The passers-by at the Democracy Monument in Bangkok were increasingly replaced by international art audiences. The contrasts between the craftsmanship of the etchings and the explicit imagery caught the attention of the Chinese press. In Istanbul, commentators noted parallels between the issues raised by History Class and Turkish nationalist historiography. The work was shown in Australia, Japan and the UK. Sutee was commissioned to make international versions, including one that detailed the Suharto government’s atrocities in Indonesia in the 1960s. For the iteration at the Substation, History Class depicts atrocities committed across South East Asia in 1965. What had been a work addressing the particularities of Thai history has become a method that can be universally applied.

‘It’s not political art in the Western sense, something walled off like “war art” or “protest art”,’ according to Iola Lenzi, the curator of the Substation show. ‘Instead you’re being quite forcibly inserted into the artists’ engagement with their everyday circumstances. The work has urgency and acuity because there are few other ways to speak back critically to the status quo.’

The cliché about political art is that the imperatives of the political moment overwhelm the art, but the story of History Class illustrates some of the limitations of this perspective. If Sutee had approached the 1976 massacre in a more overtly political way he would probably have run into trouble. But after it was established as a successful piece of art, History Class was freed to become a politically effective work. Textbooks in Thailand now acknowledge past bloodshed. There is more openness about recent events.

Yet the atrocity at Thammasat University has never been investigated, and no one has ever been held responsible. History Class looks a lot less daring to radical critics today than it did twenty years ago. Elements of the original installation have even found their way into the collections of the Singapore government.

‘Political conflicts among Thai people are more polarised, images from 1976 have been manipulated as a political tool, a political weapon,’ Sutee says. ‘Some people say “the person behind the ’76 incident was blah, blah, blah,” but for me, actually, I don’t know what is the truth.’

Since the turn of the century, part of the Thai state’s response to moments of national crisis, such as the 2004 tsunami and the political unrest of 2010, has been to stage big budget contemporary art events. Very few Thai artists have been able to opt out of them, and the networks of dependence they create.

Sutee’s recent work provides a starker illustration of the difficulty of untangling the relationships between political cycles and artistic production. In 2013 he produced a series of pieces attacking the corruption of Yingluck Shinawatra’s government, to raise money for the People’s Democratic Reform Committee (PDRC). In Thailand it’s impossible to be neutral about the PDRC, but the most neutral way of explaining it would be that faced with a choice between the Shinawatras and an unelected government, the PDRC reckoned that an unelected government was the least worst option. Sutee’s critics in Thailand now brand him as (at best) a fellow-traveller of the extreme right. His defenders argue that he was focused on opposing the corruption of the Shinawatras.
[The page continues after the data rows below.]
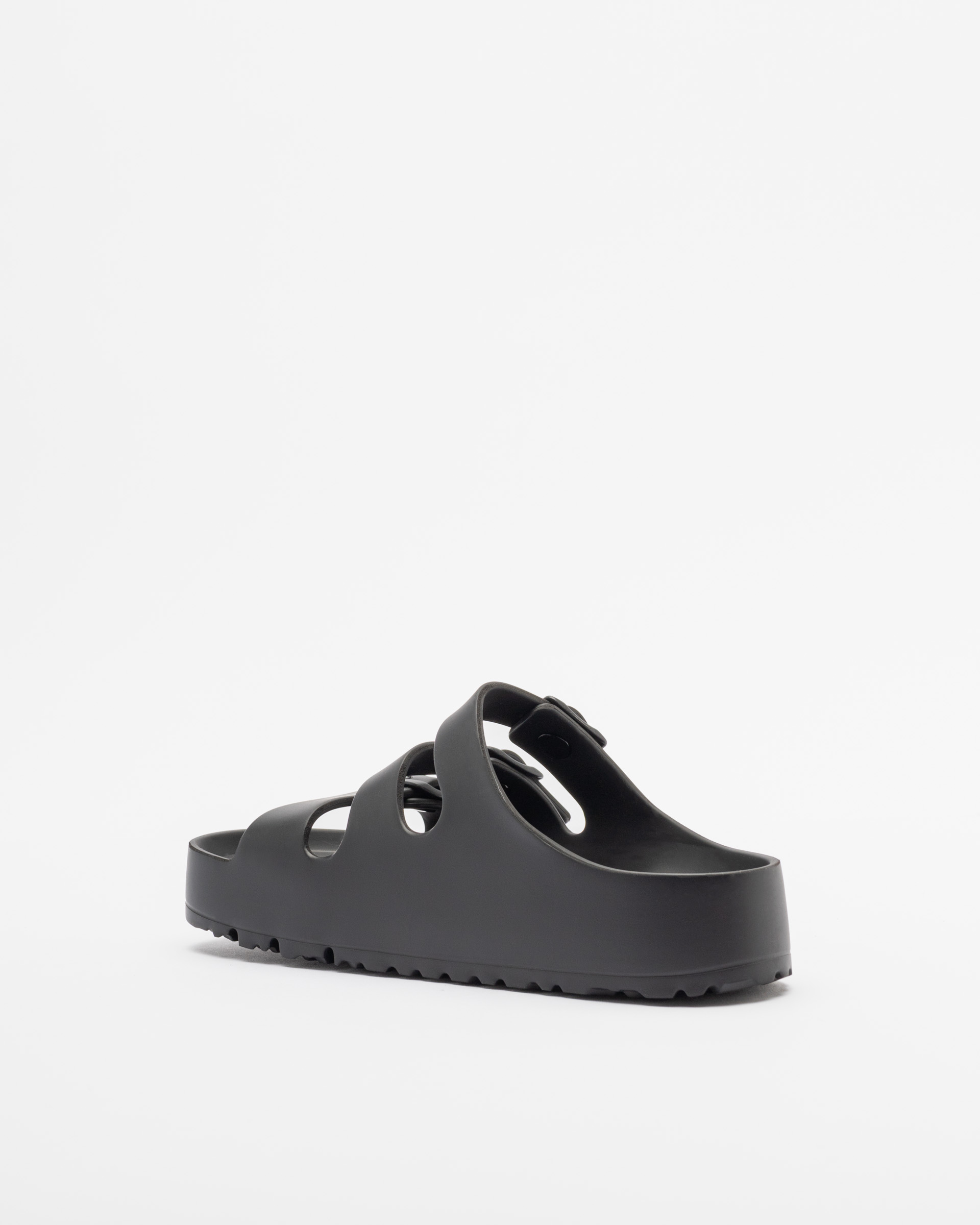 Sandalias Birkenstock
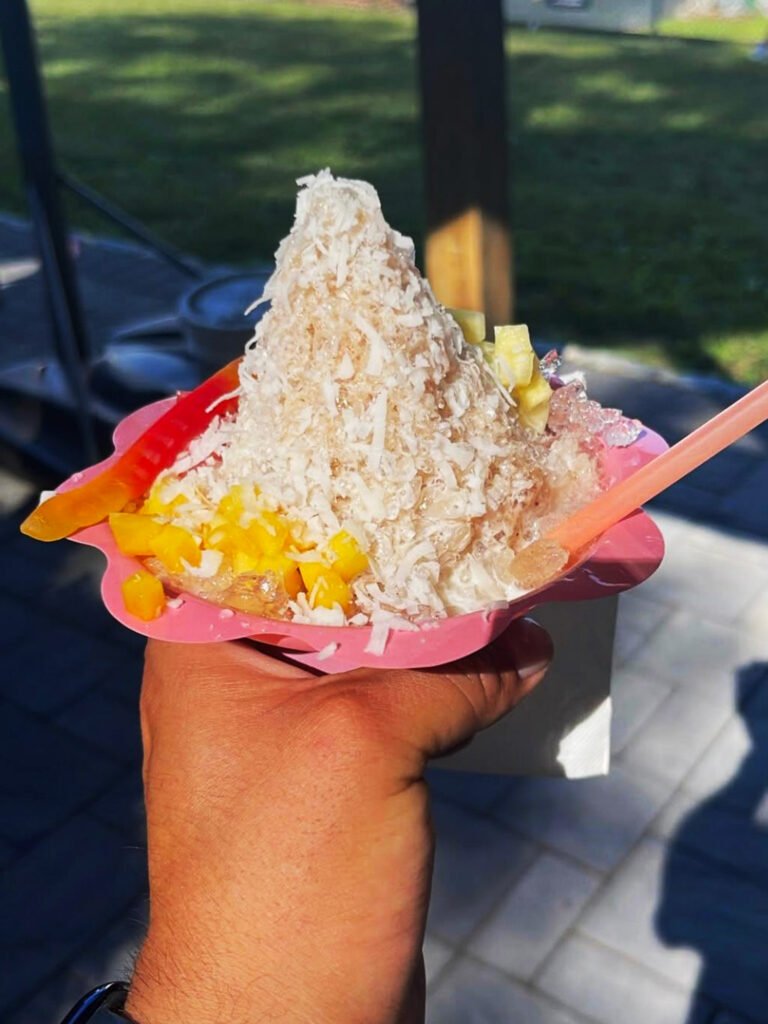 raspado retoque 1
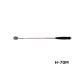  Marukyu энергия titanium hi shaku TR-02 H-70M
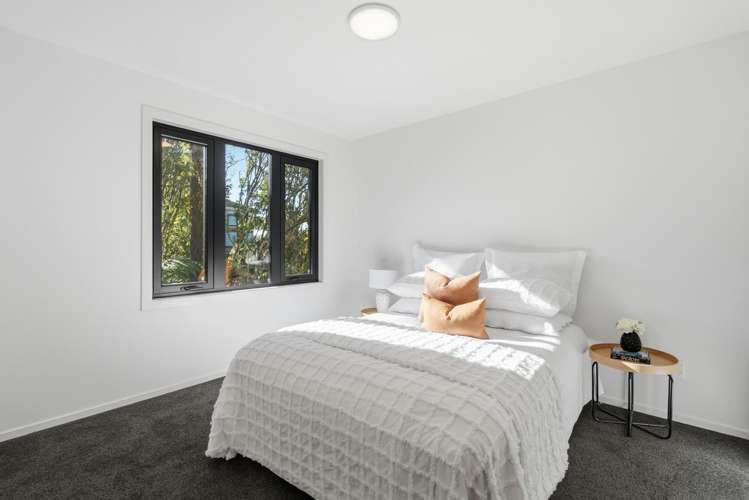 27B Westhaven Drive Tawa_13
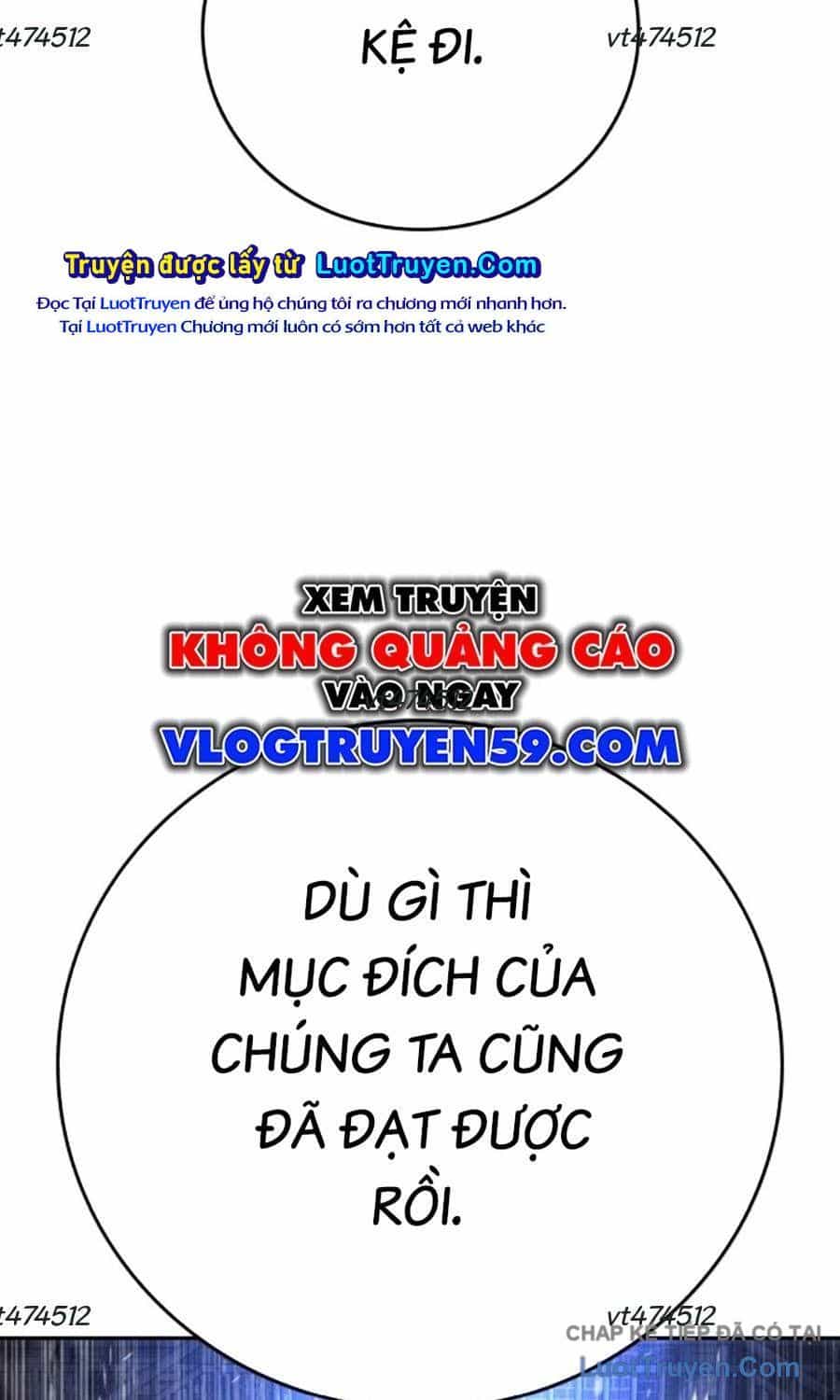Goo Sera - Chương 59 - ảnh 238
In recent years, agonising over the least worst political option has become a familiar experience throughout the West, too. But in Thailand the least worst did not entail electing Emmanuel Macron; it ultimately led to rule by a military junta. During the months of unrest in 2014, protesters were badly injured as they slept at the Democracy Monument.

For a period in the 1990s, as in the 1970s, Thai history could be written as if it were leading towards a liberal form of democracy. No longer. Now installed in a gallery, History Class is like an artefact that has travelled through time from the South East Asian front of Fukuyama’s end of history. ‘The way the desk is displayed in the Substation exhibition is the opposite to the original idea,’ Sutee admits, ‘but with the right lighting in a gallery space it looks like a theatre prop, interesting and dramatic and beautiful.’